WER: 2.000000, CER: 5.000000, loss: 32.247986

  • src: “bread”
  • res: “true brad”

WER: 1.200000, CER: 17.000000, loss: 70.571228

  • src: “volunteer please visit librivox org”
  • res: “or do volunteer please visit ly provand dog or”

WER: 1.142857, CER: 23.000000, loss: 120.662392

  • src: “recording by winfred henson s wwf by”
  • res: “recording by winfried henson double u u u d that life”

WER: 1.000000, CER: 2.000000, loss: 2.363688

  • src: “man”
  • res: “a man”

WER: 1.000000, CER: 2.000000, loss: 4.948270

  • src: “sins”
  • res: “sen”

WER: 1.000000, CER: 3.000000, loss: 5.357125

  • src: “died”
  • res: “he died”

WER: 1.000000, CER: 4.000000, loss: 8.052462

  • src: “them”
  • res: “”

WER: 1.000000, CER: 3.000000, loss: 8.746547

  • src: “eye”
  • res: “a”

WER: 1.000000, CER: 4.000000, loss: 16.740582

  • src: “said that”
  • res: "had the "

WER: 1.000000, CER: 6.000000, loss: 18.676899

  • src: “galileans received him”
  • res: “the gale leans received him”

Why is the training not starting for the checkpoint model??

Read the README section for fine tuning for the version of the code you’re running. In particular, the --epoch flag should be a negative value when starting from an existing checkpoint.

1 Like

Thanks for your answer @reuben. I understand that we need to provide negative value for epoch when starting the training from an existing checkpoint. But What I want to do is that take the pre-trained model, add my own dataset to it which is different from what the checkpoint model is trained on and then resume the training. For such cases also we need to provide negative epochs?

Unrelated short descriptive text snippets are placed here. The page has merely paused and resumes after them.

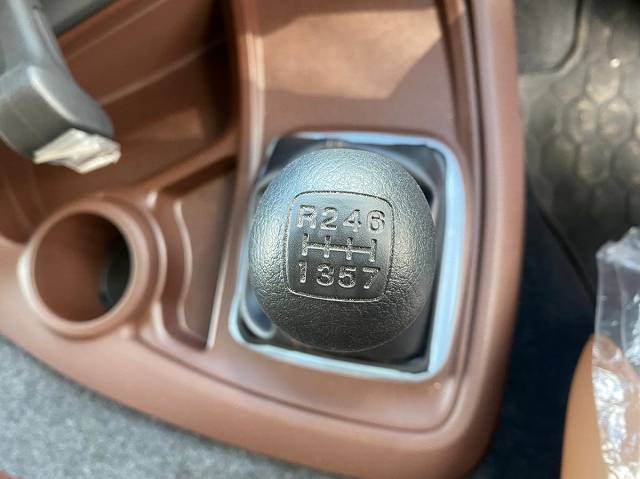 日野プロフィアアルミブロック大型（10t）[写真20]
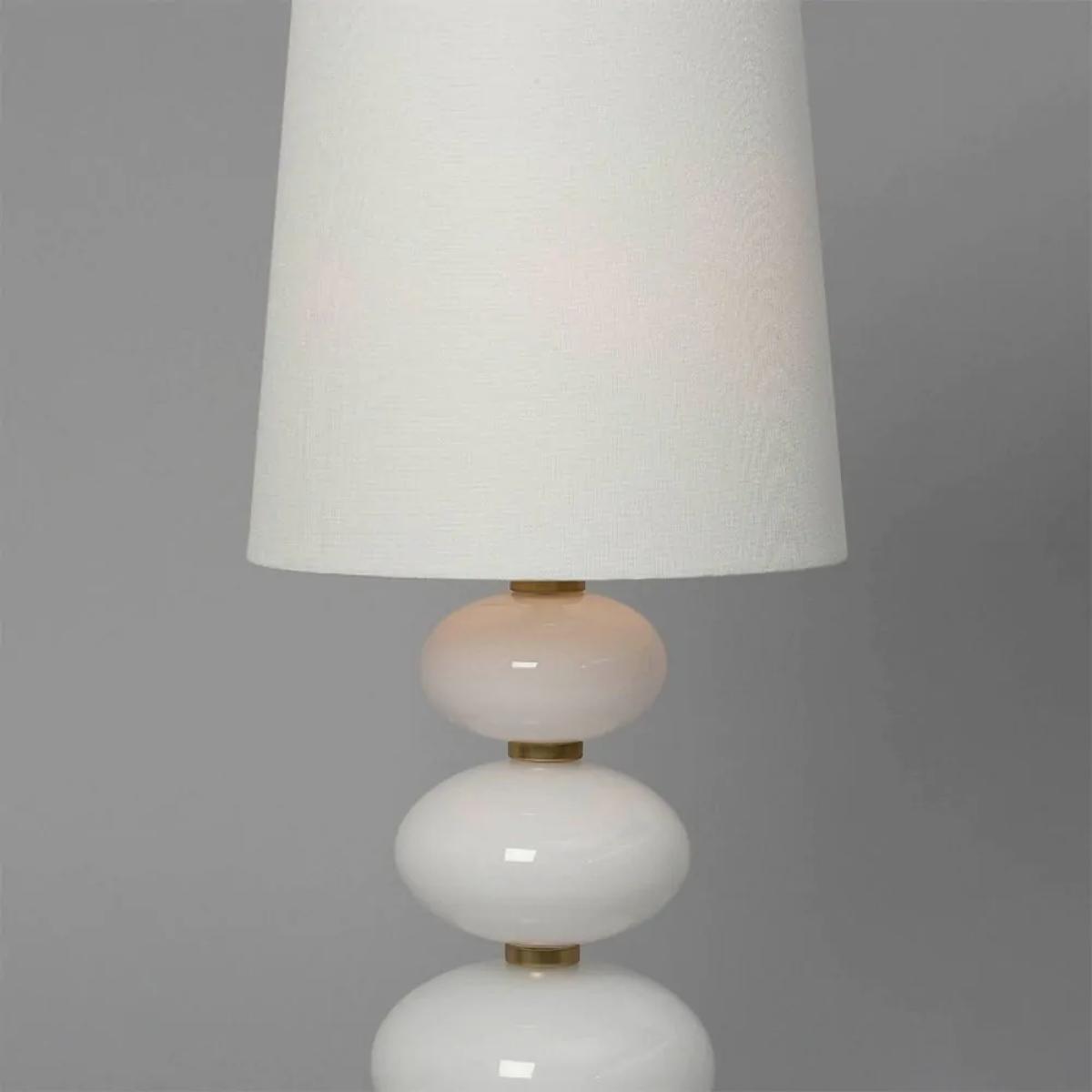 Patty Table Lamp, White – image 3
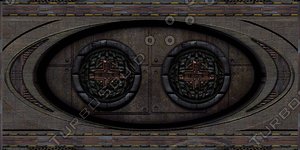 SpaceTech1 : EngineRoomB 3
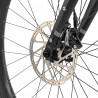 Velo BOMBTRACK Hook Ext 50cm 27.5'' Matte Black – Image 2
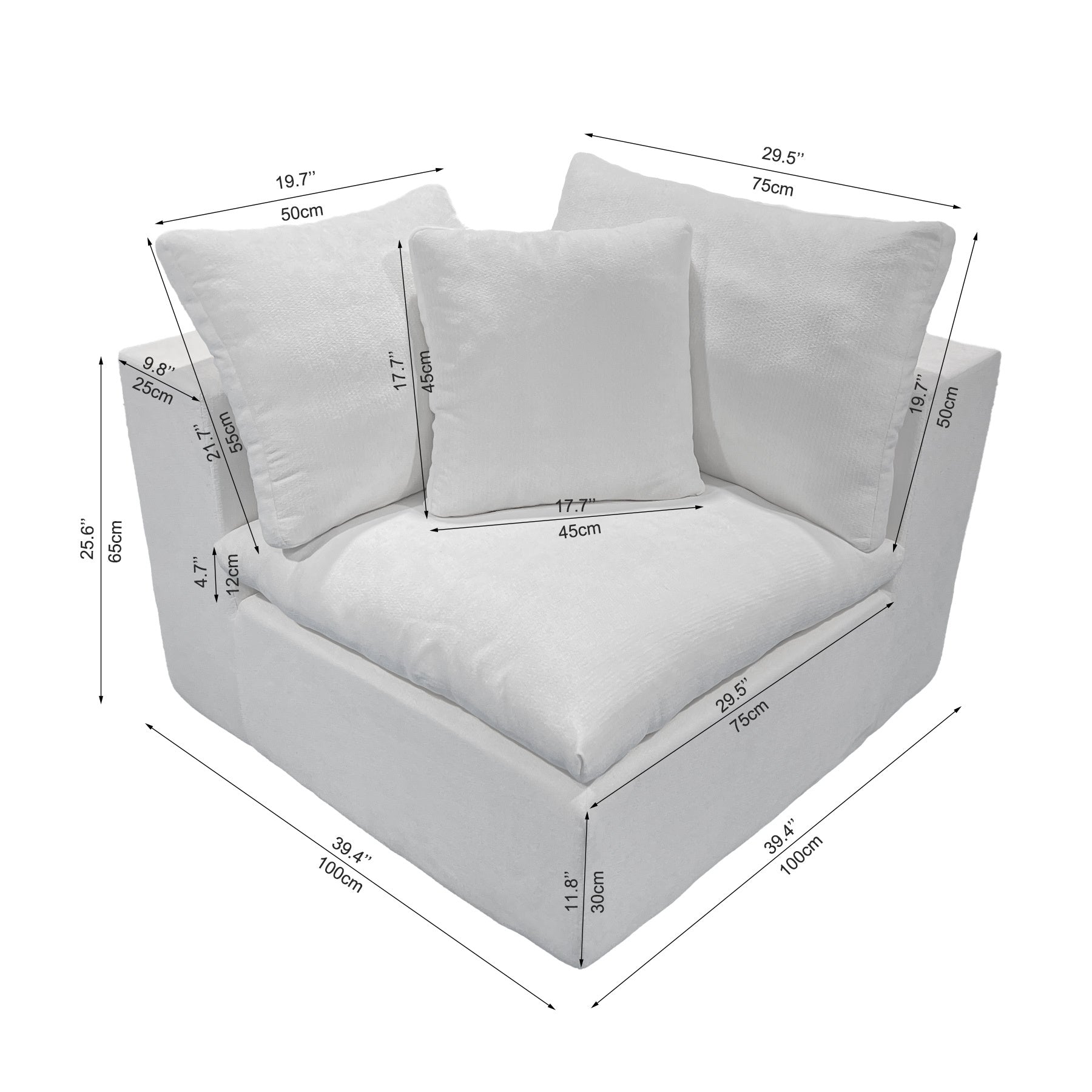 WI 010 WHITE LR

The documentation for the --epoch flag should clarify what negative values represent. Does it answer your question?

Thanks @reuben

Hello @atuljha18

  1. DeepSpeech’s requirements for the data is that the transcripts match the [a-z ]+ regex, and that the audio is stored WAV (PCM) files.
  2. All you have to do is generate CSV files for your splits with three columns wav_filename , wav_filesize and transcript that specify the path to the WAV file, its size, and the corresponding transcript text for each of your train, validation and test splits.

Whatever the way is easy, you can follow your audio data to convert into this format.

I am using -3 as epochs but getting same output. How could that be

Have you using --epoch or --epochs?

I have used epochs
and I am using 0.4.1 branch

> python3 DeepSpeech.py --n_hidden 2048 --checkpoint_dir fine_tuning_checkpoints/ --epochs -3 --train_files clips/train.csv --dev_files clips/dev.csv --test_files clips/test.csv --learning_rate 0.00001 --export_dir model/

Please change --epochs to --epoch

thanks that was the problem

@DarisettySuneel I am using --epochs as per the in the document util/flags.py is that correct or should i need to change --epoch.I am using deepseech 0.5.1

There is no --epoch flag in v0.5.1, as you can see by searching in util/flags.py: https://github.com/mozilla/DeepSpeech/blob/v0.5.1/util/flags.py

1 Like